╭─ RECORDS SUPPLIED

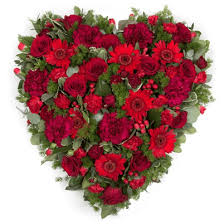 The end bead color is indicated by the color of flowers that are chosen as well as the color we choose that compliments your flowers. Hsw 01 Classic Heart Shape Wreath Tfs Funeral Flowers Singapore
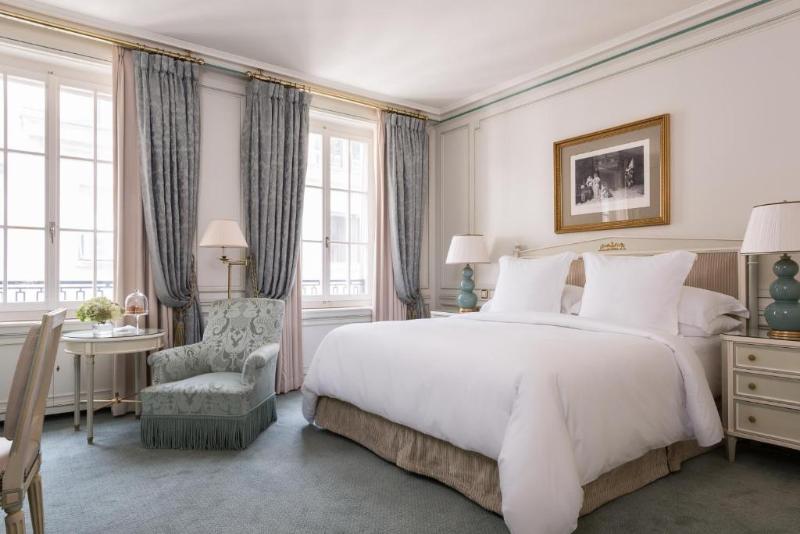 اتاق استاندارد با تخت بزرگ, Four Seasons Hotel Des Bergues Geneva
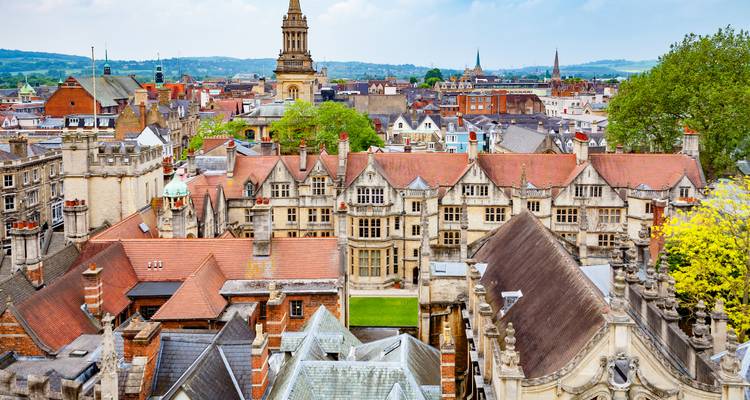 Panorámica desde la azotea de los históricos colegios de Oxford y sus torres de iglesias.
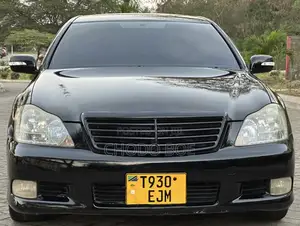 Toyota Crown 2006 Black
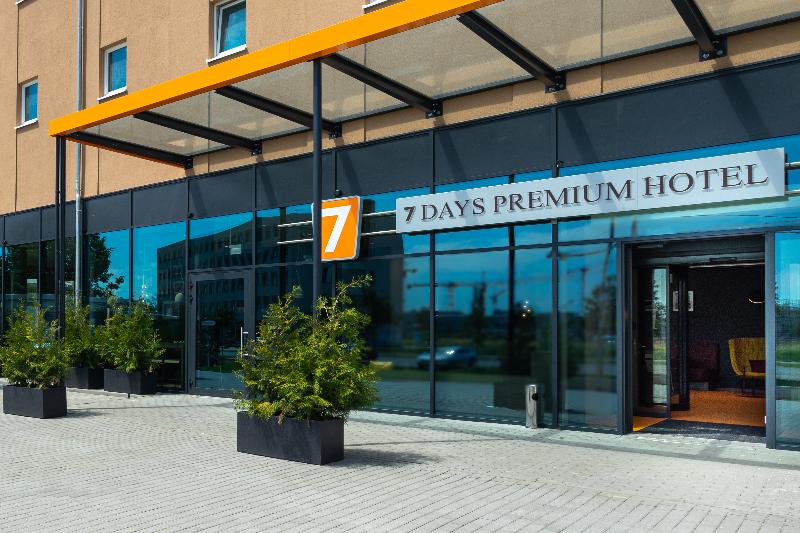 Campanile Berlin Brandenburg Airport — hotel near Berlin Brandenburg Airport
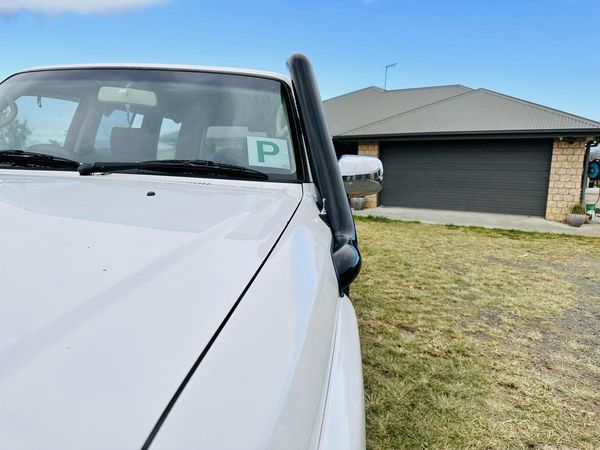 Nissan Patrol GU S1-4 - Cover up / Rounded Guard Entry Snorkel - Seamless Powder Coated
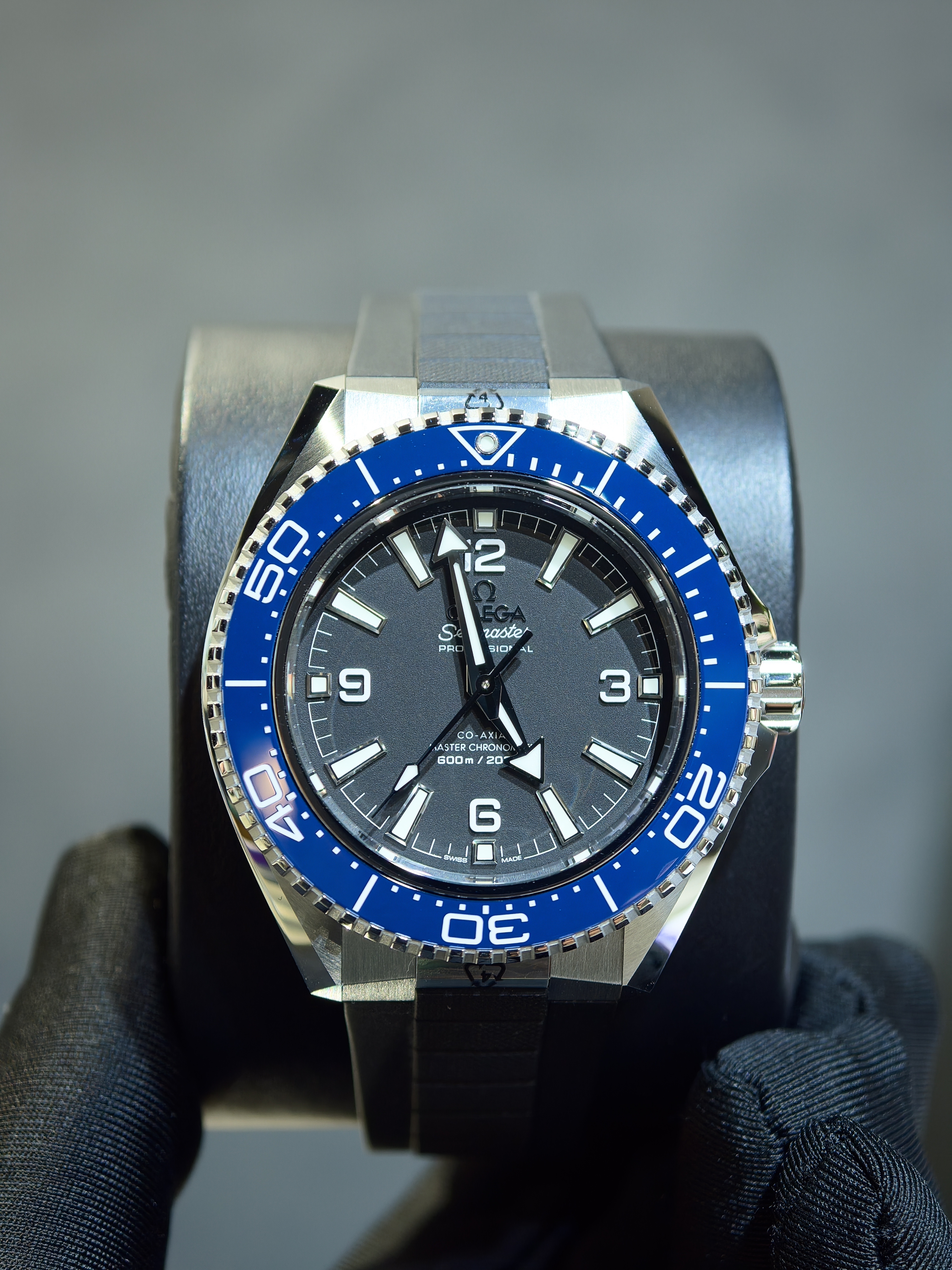 BRAND NEW OMEGA  217.32.42.21.01.002 21732422101002 SEA MASTER 600M STEEL PLANET OCEAN BLACK DIAL BLUE CERAMIC BEZEL RUBBER STRAP 42MM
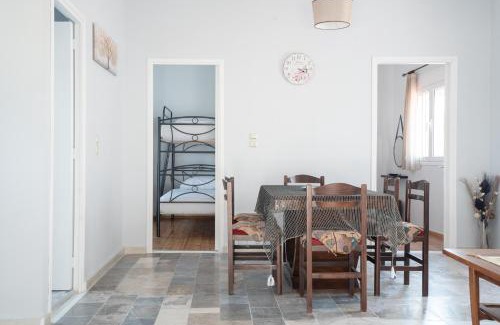 Kokkinogia Apartment | Escape to mountain and sea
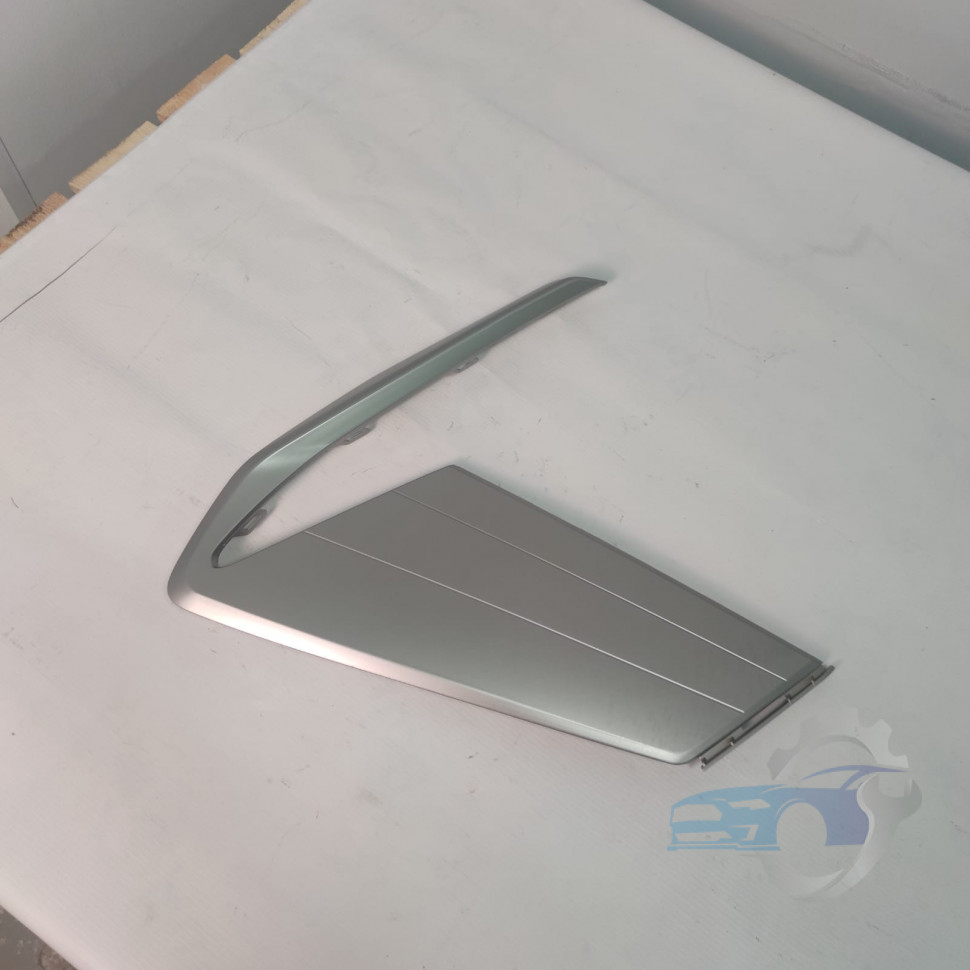 Молдинг переднего бампера левый 6010208500 Geely Coolray NEW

╰─

_EXERCISE REQUIREMENTS_
Could you repeat exactly the lines from the one containing "Panorámica desde la" through the last line of the records, both included, without the pictures?

_RESPONSE_
 Panorámica desde la azotea de los históricos colegios de Oxford y sus torres de iglesias.
 Toyota Crown 2006 Black
 Campanile Berlin Brandenburg Airport — hotel near Berlin Brandenburg Airport
 Nissan Patrol GU S1-4 - Cover up / Rounded Guard Entry Snorkel - Seamless Powder Coated
 BRAND NEW OMEGA  217.32.42.21.01.002 21732422101002 SEA MASTER 600M STEEL PLANET OCEAN BLACK DIAL BLUE CERAMIC BEZEL RUBBER STRAP 42MM
 Kokkinogia Apartment | Escape to mountain and sea
 Молдинг переднего бампера левый 6010208500 Geely Coolray NEW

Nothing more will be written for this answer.